Emission management

Reality Capture Can Help Keep Methane in the Pipe—at Scale

Oil and gas companies are betting on the use of drones and robots for leak detection and methane emissions reduction.

Oil and gas reserves in storage in Europe. The drone flies around oil tanks and a gas flare that burns excess gas. Fuel crisis and a sharp increase in fuel and gas prices in Europe and in the world.
Source: Ivan Zhaborovskiy/Getty Images

Under intense public and stakeholder pressure, many oil and gas companies have pledged to achieve zero-carbon emission targets by 2050. The energy industry, however, is still in the process of standardizing technologies for site monitoring and measuring the footprint of fugitive emissions, despite the fact that carbon accounting and methane reduction strategies are now considered a must-have for oil and gas companies.

Before becoming a product manager, I spent 15 years developing and implementing technologies that address safety, efficiency, and autonomy for the energy industry. And in my previous role at Schlumberger (now SLB) on the Global Innovation team, I focused on technologies that would infuse intelligence and create digital twins of every oil and gas location.

Those very technologies—performing reality capture to generate accurate, interactive digital twins of the sites, structures, and assets we cared about—are precisely the solution needed to detect leaks early and ultimately reduce methane emissions worldwide.

According to McKinsey, about 57% of the oil and gas industry’s carbon footprint is coming from methane emissions, one of the most powerful greenhouse gases. So the US market is hungry for a solution. To incentivize methane monitoring and leak reduction, the Inflation Reduction Act imposes fines on over-emitting entities and provides $1.55 billion in financial incentives for the energy industry to better monitor methane emissions and to help address legacy pollution from the oil and gas sector. The only hiccup in this plan is that there is no standardized method to measure baseline emissions or monitoring protocol.

Now, energy companies must figure out the best way to carry out their methane emissions baseline measurement, leak detection, and repair.

Where Is the Methane Coming From?
The energy industry’s methane emissions arise from two main sources: leaks and vents. Leaks, also referred to as fugitive emissions, come from unintended events like holes in pipelines or leaking seals. Vents are deliberate emissions, whether from equipment operated by natural gas or from maintenance activities. Roughly 25% of emissions are considered “unavoidable.” This is because of the operating procedures involved in the ramp-up and ramp-down periods of oil and gas assets and the limits of current technology to completely prevent fugitive emissions.
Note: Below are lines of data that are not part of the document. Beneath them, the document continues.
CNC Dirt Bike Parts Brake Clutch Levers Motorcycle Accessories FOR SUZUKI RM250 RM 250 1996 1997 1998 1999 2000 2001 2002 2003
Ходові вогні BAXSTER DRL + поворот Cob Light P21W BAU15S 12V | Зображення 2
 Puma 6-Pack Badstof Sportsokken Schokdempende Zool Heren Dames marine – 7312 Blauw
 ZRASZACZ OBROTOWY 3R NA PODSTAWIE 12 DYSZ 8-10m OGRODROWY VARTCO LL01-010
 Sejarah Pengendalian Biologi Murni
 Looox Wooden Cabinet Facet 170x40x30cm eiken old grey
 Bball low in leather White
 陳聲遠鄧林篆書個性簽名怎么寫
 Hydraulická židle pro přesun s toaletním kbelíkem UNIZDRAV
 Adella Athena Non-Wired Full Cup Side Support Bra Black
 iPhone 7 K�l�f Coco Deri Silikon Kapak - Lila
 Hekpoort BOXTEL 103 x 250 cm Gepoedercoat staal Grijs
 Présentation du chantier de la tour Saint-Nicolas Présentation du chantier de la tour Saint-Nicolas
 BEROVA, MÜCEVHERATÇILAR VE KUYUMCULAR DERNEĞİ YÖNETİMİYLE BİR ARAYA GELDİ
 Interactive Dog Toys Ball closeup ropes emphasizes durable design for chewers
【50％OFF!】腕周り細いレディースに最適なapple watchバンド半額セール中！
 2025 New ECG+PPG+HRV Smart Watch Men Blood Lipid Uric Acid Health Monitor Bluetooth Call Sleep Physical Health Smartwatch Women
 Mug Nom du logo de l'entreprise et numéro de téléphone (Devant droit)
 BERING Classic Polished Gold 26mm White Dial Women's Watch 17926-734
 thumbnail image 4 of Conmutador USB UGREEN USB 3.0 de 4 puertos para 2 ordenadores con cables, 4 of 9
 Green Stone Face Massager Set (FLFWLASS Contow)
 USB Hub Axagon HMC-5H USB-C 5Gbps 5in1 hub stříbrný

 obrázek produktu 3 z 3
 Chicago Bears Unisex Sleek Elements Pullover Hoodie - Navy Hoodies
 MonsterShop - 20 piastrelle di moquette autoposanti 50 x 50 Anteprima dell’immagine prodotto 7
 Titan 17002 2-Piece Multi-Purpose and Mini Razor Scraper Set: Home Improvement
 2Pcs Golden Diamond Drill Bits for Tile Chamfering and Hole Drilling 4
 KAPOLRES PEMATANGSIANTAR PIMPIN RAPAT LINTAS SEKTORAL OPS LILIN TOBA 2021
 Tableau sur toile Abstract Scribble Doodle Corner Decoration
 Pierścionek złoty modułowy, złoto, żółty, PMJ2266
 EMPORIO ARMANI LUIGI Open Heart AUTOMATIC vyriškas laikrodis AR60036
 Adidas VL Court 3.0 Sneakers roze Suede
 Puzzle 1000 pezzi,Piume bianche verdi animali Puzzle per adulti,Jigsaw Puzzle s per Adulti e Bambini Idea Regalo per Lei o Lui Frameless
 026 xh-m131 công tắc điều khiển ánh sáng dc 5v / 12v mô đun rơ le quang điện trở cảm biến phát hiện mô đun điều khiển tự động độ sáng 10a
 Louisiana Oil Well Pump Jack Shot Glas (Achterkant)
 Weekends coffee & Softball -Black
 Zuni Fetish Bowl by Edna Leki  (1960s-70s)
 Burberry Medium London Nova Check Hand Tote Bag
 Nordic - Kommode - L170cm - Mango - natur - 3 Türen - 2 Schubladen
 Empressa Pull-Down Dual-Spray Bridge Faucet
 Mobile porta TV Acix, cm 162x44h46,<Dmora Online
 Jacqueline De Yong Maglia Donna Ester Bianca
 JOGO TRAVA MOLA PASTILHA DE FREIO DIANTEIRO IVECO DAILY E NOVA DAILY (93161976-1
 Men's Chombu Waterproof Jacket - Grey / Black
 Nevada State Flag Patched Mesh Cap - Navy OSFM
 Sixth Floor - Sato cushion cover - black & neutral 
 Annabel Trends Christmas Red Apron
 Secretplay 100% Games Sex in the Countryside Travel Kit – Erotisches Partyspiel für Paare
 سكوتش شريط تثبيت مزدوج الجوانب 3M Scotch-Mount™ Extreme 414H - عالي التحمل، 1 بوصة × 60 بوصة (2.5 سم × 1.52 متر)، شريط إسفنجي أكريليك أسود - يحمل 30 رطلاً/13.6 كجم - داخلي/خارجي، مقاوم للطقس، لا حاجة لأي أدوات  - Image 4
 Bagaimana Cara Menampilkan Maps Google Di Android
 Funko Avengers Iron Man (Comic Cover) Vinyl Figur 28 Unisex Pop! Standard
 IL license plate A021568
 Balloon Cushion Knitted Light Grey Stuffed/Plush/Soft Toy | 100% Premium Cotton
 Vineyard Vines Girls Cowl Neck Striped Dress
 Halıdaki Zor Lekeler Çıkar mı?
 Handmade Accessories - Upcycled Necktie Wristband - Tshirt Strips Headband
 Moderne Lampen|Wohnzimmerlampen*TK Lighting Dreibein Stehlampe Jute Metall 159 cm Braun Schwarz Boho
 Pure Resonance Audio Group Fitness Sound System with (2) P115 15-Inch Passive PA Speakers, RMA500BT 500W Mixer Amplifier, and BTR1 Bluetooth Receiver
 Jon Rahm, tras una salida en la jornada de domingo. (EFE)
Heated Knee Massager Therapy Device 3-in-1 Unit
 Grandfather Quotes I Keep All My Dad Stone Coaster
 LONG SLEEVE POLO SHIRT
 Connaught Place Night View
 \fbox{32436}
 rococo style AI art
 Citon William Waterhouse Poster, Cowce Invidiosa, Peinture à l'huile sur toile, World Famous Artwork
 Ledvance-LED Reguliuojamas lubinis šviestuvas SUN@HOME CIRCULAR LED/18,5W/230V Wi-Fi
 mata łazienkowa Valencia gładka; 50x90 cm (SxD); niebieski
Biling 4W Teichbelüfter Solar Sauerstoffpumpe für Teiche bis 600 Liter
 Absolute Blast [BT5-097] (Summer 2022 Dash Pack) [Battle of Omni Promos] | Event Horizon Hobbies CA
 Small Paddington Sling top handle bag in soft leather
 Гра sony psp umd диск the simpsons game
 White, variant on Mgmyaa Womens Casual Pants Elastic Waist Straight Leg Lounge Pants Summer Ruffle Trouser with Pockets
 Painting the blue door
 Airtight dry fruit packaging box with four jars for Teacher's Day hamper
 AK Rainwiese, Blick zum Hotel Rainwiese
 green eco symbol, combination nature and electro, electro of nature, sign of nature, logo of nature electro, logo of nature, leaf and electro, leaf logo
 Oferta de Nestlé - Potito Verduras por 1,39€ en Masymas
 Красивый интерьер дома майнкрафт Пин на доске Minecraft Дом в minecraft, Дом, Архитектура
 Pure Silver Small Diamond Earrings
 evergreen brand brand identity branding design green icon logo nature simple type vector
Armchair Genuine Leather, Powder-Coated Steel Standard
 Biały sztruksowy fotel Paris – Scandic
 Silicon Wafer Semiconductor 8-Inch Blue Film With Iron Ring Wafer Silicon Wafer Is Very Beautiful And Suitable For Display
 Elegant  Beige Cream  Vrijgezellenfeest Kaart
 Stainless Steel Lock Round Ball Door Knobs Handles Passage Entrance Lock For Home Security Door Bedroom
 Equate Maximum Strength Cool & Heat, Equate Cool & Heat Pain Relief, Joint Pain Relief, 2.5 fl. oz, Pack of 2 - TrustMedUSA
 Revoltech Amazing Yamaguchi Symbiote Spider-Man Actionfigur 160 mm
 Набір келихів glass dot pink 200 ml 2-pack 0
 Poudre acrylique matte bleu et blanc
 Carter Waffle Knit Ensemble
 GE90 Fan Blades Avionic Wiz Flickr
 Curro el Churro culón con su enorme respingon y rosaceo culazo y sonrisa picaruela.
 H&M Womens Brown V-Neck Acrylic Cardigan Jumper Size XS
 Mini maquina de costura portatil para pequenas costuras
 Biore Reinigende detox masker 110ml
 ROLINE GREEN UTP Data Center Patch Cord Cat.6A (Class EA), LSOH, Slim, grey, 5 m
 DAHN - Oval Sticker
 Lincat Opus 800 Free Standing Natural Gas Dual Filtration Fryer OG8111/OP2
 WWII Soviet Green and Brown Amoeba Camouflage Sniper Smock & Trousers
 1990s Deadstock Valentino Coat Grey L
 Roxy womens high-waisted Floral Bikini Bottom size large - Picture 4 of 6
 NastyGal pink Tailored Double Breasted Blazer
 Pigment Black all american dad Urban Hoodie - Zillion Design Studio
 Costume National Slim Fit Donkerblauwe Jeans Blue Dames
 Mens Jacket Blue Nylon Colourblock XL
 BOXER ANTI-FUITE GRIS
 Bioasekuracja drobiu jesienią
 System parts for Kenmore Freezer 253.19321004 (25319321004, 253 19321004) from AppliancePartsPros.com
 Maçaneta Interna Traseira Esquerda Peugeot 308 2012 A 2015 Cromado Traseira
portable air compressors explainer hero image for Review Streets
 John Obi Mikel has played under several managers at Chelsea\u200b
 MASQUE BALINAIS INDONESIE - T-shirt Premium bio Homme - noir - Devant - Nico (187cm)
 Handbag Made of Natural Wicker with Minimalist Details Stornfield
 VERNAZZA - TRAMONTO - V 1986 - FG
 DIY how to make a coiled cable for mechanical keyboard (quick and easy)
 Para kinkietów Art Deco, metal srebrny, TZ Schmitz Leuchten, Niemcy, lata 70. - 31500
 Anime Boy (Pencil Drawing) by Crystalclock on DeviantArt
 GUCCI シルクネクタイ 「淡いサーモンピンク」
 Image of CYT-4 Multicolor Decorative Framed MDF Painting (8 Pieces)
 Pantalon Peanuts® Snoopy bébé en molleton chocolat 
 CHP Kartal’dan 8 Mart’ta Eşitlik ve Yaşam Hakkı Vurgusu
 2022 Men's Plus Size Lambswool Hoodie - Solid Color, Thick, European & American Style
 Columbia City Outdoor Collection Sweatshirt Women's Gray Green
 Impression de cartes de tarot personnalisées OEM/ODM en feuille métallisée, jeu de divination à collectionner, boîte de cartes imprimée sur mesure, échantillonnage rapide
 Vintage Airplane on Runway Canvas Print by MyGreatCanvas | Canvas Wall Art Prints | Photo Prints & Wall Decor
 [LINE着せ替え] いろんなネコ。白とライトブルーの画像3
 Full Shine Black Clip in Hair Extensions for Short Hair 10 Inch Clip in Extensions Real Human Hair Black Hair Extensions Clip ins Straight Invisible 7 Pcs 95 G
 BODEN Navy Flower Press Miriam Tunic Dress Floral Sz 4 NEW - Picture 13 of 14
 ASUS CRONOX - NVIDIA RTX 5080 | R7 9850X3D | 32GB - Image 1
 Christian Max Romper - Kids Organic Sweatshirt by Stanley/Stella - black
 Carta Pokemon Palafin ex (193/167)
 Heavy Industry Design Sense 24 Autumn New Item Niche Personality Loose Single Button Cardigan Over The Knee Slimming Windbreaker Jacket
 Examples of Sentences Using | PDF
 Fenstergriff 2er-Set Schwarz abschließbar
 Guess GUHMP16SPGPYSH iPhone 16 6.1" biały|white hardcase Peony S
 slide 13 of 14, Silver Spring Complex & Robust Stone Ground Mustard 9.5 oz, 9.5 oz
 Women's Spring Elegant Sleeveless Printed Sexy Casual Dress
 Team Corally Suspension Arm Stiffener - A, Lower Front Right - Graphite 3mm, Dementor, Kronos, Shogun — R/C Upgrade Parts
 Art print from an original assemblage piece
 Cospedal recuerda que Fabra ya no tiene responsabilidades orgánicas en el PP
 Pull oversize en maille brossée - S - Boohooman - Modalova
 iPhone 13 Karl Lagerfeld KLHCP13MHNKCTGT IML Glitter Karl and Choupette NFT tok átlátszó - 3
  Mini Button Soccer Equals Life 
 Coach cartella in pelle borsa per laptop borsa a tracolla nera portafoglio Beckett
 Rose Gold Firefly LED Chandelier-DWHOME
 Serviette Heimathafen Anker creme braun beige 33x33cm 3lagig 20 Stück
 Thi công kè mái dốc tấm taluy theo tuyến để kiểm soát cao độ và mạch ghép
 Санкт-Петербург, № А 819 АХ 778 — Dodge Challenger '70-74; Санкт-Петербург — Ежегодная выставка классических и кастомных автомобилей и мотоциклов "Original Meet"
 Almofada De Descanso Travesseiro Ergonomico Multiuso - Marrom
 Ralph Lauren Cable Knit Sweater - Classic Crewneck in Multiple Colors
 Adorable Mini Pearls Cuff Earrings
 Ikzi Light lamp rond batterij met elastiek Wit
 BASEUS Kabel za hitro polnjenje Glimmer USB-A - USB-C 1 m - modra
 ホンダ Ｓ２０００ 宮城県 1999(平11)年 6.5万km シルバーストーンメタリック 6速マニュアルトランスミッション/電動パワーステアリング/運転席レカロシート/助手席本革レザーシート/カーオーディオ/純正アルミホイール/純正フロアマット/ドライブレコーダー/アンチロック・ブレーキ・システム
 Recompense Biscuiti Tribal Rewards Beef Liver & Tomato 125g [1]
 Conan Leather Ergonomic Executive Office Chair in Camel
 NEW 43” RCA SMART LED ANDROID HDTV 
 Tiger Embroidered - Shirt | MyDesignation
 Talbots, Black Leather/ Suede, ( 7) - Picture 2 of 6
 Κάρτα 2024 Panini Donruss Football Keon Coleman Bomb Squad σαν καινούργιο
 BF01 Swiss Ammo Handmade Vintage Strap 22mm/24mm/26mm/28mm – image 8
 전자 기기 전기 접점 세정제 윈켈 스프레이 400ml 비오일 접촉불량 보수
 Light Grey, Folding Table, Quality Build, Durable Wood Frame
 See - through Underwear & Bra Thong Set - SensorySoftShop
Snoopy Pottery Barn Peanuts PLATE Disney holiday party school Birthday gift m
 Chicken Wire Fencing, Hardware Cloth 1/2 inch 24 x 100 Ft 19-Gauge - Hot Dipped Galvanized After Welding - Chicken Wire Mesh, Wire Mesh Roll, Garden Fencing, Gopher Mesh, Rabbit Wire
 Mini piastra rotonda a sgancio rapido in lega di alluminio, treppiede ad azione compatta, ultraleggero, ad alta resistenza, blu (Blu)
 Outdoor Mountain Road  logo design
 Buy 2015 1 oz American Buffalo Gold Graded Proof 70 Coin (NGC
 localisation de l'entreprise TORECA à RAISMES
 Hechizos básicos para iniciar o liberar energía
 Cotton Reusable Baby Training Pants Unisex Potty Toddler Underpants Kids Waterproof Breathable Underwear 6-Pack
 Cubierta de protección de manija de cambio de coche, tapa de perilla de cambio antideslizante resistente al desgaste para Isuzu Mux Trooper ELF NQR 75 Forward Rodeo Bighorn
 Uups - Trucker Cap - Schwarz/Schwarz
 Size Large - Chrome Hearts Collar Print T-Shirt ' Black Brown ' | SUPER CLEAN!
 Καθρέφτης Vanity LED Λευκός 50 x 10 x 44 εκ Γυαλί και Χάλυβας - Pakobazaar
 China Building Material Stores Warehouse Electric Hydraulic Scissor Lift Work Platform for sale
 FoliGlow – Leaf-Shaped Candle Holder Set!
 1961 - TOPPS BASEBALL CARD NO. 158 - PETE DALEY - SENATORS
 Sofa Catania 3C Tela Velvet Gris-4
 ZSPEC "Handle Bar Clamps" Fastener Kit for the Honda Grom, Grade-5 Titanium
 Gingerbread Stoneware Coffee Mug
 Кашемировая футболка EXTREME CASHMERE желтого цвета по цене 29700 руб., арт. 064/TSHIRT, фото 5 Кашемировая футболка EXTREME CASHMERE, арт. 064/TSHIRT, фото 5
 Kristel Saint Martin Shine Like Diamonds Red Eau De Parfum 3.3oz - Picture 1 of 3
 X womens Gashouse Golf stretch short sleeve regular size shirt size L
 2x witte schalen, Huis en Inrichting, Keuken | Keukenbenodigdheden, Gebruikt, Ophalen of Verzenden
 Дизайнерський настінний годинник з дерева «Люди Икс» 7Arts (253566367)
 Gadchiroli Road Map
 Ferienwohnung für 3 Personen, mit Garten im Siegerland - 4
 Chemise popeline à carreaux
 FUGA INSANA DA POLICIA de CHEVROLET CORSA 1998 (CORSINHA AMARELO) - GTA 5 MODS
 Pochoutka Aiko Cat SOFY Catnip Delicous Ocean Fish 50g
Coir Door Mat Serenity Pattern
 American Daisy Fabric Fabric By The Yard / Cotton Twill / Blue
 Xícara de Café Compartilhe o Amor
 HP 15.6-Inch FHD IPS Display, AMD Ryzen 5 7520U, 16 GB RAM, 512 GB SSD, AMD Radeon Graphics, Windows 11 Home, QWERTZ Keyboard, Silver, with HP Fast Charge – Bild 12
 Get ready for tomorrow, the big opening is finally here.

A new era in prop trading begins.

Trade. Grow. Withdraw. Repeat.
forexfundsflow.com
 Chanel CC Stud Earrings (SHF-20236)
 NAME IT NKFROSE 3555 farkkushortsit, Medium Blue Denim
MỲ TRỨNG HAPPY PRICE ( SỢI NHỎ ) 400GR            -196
The remaining 75% of methane emissions, however, can be eliminated with a proactive, preventative approach and the use of technology.

A small number of “super-emitter” leaks—such as open thief hatches, unlit flare stacks, open pilot lines, or open bypass valves—create a disproportionate amount of upstream oil and gas methane emissions. The highest-emitting 5% are responsible for approximately 50% of emissions.

Detecting Methane Emissions
Several techniques are used for finding and measuring methane leaks, including satellites, large-scale aerial surveys, drone surveys, handheld devices, permanently installed methane detection sensors, and optical gas imaging cameras. The main difference between all these tools, besides cost, is in inspection frequency and resolution.

With a moderately small detectable leak size, very high resolution, and relatively low cost, aerial survey is an optimal solution for identifying leaks. Commoditizing drone services actually makes this the method of choice for proactive monitoring in a leak-detection program.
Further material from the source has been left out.